Everything from the line with "barcelon-rome-paris" through the final line below should be copied out exactly, and nothing else should appear.
━━ Extracted material
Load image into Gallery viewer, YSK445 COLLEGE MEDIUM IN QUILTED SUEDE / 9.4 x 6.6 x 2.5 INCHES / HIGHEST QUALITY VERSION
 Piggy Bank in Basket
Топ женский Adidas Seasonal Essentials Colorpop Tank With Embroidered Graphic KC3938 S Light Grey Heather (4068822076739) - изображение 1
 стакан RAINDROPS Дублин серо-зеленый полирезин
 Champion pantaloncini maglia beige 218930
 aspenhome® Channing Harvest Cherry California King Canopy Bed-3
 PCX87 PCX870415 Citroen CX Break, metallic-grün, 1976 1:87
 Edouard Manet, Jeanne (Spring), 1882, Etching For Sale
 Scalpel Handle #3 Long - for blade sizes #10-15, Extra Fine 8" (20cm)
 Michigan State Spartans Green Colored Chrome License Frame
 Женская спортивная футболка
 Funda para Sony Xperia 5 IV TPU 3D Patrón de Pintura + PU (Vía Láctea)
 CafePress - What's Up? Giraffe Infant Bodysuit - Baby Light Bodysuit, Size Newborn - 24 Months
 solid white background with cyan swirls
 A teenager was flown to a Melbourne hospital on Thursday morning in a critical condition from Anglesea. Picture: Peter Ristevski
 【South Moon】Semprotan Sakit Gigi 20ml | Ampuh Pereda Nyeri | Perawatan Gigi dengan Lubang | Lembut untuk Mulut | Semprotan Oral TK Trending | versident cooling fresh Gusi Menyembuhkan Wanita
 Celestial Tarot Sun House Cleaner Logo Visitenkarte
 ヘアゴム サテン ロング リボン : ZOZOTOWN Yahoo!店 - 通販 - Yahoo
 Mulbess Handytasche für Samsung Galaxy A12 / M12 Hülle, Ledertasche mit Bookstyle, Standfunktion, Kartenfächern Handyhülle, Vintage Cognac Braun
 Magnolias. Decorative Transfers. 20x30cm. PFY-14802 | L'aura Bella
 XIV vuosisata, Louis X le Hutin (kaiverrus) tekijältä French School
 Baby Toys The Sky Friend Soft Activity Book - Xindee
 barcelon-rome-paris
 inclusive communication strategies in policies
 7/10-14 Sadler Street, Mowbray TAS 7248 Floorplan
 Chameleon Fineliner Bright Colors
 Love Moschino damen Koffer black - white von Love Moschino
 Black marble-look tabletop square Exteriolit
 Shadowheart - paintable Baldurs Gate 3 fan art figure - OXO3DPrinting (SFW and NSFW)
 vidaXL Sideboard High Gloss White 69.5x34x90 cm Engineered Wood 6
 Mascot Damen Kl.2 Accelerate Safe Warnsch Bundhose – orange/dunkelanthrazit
━━━━
- _Finished exercise_
 barcelon-rome-paris
 inclusive communication strategies in policies
 7/10-14 Sadler Street, Mowbray TAS 7248 Floorplan
 Chameleon Fineliner Bright Colors
 Love Moschino damen Koffer black - white von Love Moschino
 Black marble-look tabletop square Exteriolit
 Shadowheart - paintable Baldurs Gate 3 fan art figure - OXO3DPrinting (SFW and NSFW)
 vidaXL Sideboard High Gloss White 69.5x34x90 cm Engineered Wood 6
 Mascot Damen Kl.2 Accelerate Safe Warnsch Bundhose – orange/dunkelanthrazit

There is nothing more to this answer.